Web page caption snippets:
# # # # # # #

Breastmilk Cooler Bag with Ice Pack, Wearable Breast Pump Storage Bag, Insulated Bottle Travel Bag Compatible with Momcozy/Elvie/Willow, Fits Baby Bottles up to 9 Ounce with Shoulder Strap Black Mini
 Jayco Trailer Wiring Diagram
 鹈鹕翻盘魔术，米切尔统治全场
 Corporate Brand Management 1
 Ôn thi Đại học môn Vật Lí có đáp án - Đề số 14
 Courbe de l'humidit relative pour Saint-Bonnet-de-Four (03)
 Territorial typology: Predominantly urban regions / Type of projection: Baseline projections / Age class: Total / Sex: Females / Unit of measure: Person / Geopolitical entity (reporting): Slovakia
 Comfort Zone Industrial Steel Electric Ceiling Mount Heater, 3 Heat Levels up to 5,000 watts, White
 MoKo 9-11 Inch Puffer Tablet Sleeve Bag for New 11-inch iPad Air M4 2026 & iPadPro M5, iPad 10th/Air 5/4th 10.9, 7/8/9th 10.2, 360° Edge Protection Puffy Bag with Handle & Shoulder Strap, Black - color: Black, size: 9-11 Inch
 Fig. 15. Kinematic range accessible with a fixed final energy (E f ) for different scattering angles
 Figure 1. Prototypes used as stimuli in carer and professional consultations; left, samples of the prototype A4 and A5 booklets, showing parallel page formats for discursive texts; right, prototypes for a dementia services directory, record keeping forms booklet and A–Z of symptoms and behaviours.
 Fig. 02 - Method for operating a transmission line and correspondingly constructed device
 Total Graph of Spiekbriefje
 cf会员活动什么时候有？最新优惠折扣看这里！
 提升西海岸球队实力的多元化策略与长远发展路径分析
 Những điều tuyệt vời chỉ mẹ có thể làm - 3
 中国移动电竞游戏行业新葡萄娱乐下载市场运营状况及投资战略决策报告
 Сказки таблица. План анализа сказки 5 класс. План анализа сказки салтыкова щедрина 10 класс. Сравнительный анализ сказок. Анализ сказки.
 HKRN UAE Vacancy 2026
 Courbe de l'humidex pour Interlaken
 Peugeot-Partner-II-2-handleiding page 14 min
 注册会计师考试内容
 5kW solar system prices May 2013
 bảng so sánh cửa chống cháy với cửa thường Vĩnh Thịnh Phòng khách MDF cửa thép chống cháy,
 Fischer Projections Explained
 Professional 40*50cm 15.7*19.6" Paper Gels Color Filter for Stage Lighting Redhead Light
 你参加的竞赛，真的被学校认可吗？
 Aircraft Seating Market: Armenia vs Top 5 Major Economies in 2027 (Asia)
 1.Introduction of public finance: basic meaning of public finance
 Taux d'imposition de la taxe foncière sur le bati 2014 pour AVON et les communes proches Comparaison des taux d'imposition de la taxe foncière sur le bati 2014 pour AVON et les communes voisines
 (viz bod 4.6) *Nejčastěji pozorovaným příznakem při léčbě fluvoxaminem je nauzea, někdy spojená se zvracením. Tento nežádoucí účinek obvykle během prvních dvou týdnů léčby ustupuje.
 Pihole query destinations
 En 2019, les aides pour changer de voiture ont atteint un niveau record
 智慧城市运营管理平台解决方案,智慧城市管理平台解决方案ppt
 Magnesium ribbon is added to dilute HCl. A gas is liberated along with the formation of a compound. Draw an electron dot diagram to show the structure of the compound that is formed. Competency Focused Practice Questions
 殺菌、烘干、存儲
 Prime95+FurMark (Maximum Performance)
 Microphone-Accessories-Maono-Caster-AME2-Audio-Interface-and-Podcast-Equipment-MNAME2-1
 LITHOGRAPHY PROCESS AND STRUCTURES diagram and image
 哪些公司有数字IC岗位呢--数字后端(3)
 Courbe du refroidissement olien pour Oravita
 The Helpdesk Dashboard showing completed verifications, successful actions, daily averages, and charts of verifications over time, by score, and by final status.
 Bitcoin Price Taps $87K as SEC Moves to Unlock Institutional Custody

# # # # # # #

--- Work instruction ---
When you reach the line that contains "Territorial typology: Predominantly", stop; that line and every line before it, from the very first line of the data, should be restated word for word.

--- Task result ---
Breastmilk Cooler Bag with Ice Pack, Wearable Breast Pump Storage Bag, Insulated Bottle Travel Bag Compatible with Momcozy/Elvie/Willow, Fits Baby Bottles up to 9 Ounce with Shoulder Strap Black Mini
 Jayco Trailer Wiring Diagram
 鹈鹕翻盘魔术，米切尔统治全场
 Corporate Brand Management 1
 Ôn thi Đại học môn Vật Lí có đáp án - Đề số 14
 Courbe de l'humidit relative pour Saint-Bonnet-de-Four (03)
 Territorial typology: Predominantly urban regions / Type of projection: Baseline projections / Age class: Total / Sex: Females / Unit of measure: Person / Geopolitical entity (reporting): Slovakia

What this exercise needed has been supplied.